Quel che resta della Cgil si è dunque saldato a quel che resta della sinistra. Evocare la vecchia formula della “cinghia di trasmissione” tra sindacato e partito ci sembra, però, grottesco: la Camusso non è Di Vittorio, Mdp non è il Pci, D’Alema non è Togliatti. Col pretesto delle pensioni, un sindacato in cerca di iscritti unisce la propria debolezza a quella di un partitino in cerca di voti. Tutto qui. Non cambierà per questo la storia d’Italia. Ma l’immagine, forse, sì. L’Italia non è la Germania, che può permettersi di rimanere priva di un governo per mesi senza che i mercati finanziari battano ciglio. L’Italia, col suo colossale debito pubblico e il nanismo politico che la caratterizza, è considerata inaffidabile per definizione.

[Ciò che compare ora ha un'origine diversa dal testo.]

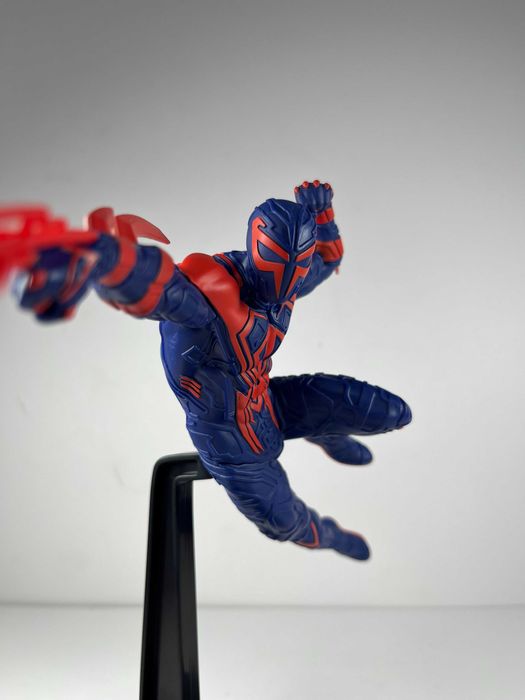 Фігурка Людина-Павук 2099 з «SM: Across the Spider-Verse» Spider Man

Gli osservatori internazionali cercano solo conferme ai propri, antichi pregiudizi. Vedono un movimento antisistema, i grillini, crescere nei sondaggi. Vedono il sindacato rosso riempire, si fa per dire, le piazze soffiando sul fuoco del conflitto sociale e contrapponendosi a un governo di sinistra. Vedono che, nell’illusione di favorire la nascita di futuribili alleanze politiche, il Pd si dice pronto a ridiscutere la riforma del mercato del lavoro. Vedono che i leader politici interpretano la campagna elettorale come una gara a chi la spara più grossa, promettendo di tutto e tutto in deficit. Vedono riemergere, insomma, le peggiori dinamiche politiche italiane e sanno che difficilmente le prossime elezioni daranno vita a un governo stabile: dite che sono sereni? Naturale che ci considerino un Paese a rischio, sul quale non investire a cuor leggero. Ma tutto questo non preoccupa né la Camusso né D’Alema, accomunati dalla nostalgia di un passato che non tornerà.